_DATA SECTION:_
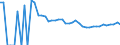 Indicator: Estimate of: People of All Ages in Poverty in Campbell County, SD
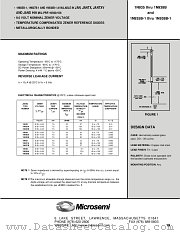 1N936 datasheet pdf Microsemi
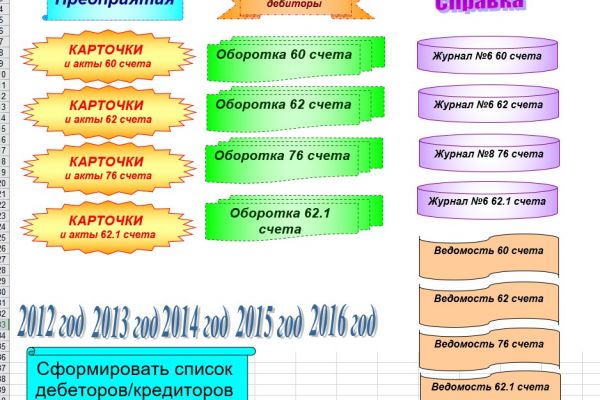 Взаиморасчеты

_WORK TASK:_
Please retype the whole listing above exactly, without any of its images.

_WRITTEN RESPONSE:_
 Indicator: Estimate of: People of All Ages in Poverty in Campbell County, SD
 1N936 datasheet pdf Microsemi
 Взаиморасчеты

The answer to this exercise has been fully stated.